A Whanganui motel that pursued two guests for $102 to fix a broken shower has been told by the Disputes Tribunal the couple don’t owe the money and to call off the debt collectors.
Shirleyanne and Jim Burch, with their adult daughter, stayed at Bignell Street Motel last year. Shirleyanne says her daughter was trying to adjust the shower temperature when the handle flew off, sending hot water streaming down the wall and flooding the bathroom.
“We contacted the motelier by phone as he was not on site. He suggested we turn off the little plastic levers behind the mixer plate, which had also fallen to the floor,” she says. They managed to turn off the water and were given access to a bathroom in an adjoining unit for the rest of their stay.
About a month later, they received a $102 invoice from the motel for repair of the shower. The couple immediately disputed the bill but were told by the motel manager “whoever breaks it, pays for it”. If the bill wasn’t paid within seven days, the motel said it would pass it to Baycorp and “it will affect your credit rating”.

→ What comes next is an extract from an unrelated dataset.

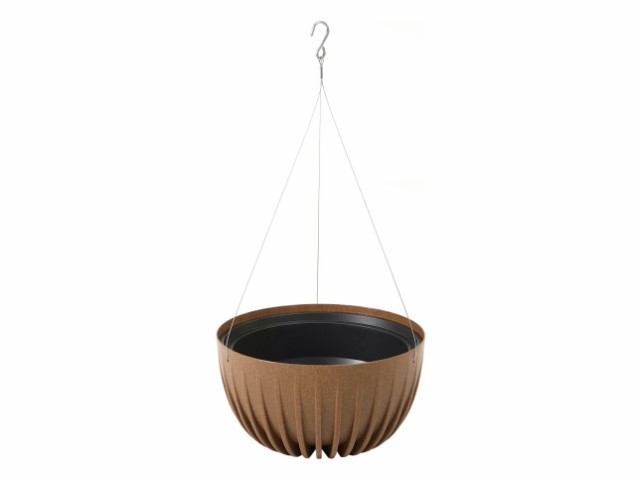 Maceta "MIRA ECO MADERA" acabado madera natural 24 × 14 cm · plástico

The motel argued excessive force must have been used to cause the handle to break. But the couple sought an opinion from the shower manufacturer, which suggested worn seals were the likely cause of the problem. When they informed the motel, the manager replied the showers were serviced regularly. He said there would be no further correspondence and payment was required.
Despite the bill being in dispute, the motel sent it to Baycorp. Shirleyanne says they were “hounded” for payment. “As we’d had no previous dealings with debt collection agencies, we found this episode stressful,” she says.

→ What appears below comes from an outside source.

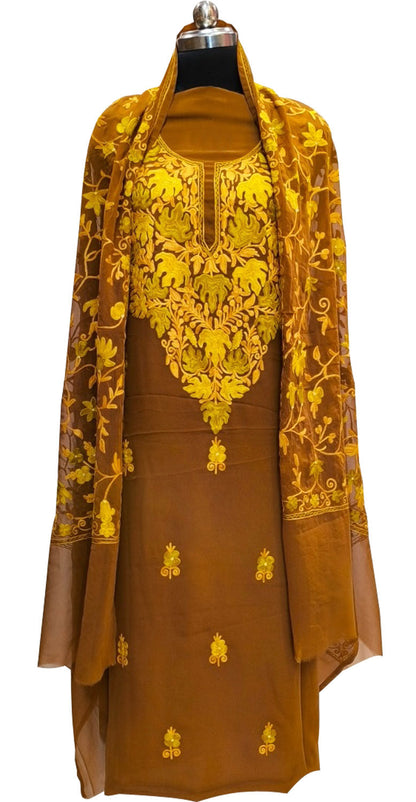 Brown Kashmiri Aari Work Georgette Three Piece Unstitched Suit Set - Luxurion World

The couple took the matter to the Disputes Tribunal, which found they didn’t owe the money and ordered the motel to advise Baycorp of this. The tribunal referee determined the motel hadn’t shown the couple were liable for damage to the shower and therefore had no claim.
Bignell Street Motel did not provide comment on this case.
Under the Consumer Guarantees Act, motels must take reasonable care and skill in providing their services. If accommodation is not fit for purpose, the motel has to put things right.
If a dispute occurs over a bill with a motel – or any other business – the onus is on the company to establish the debt is owing before sending it to the debt collectors. Dispute the debt immediately, in writing. If you can't resolve matters, take your case to the Disputes Tribunal.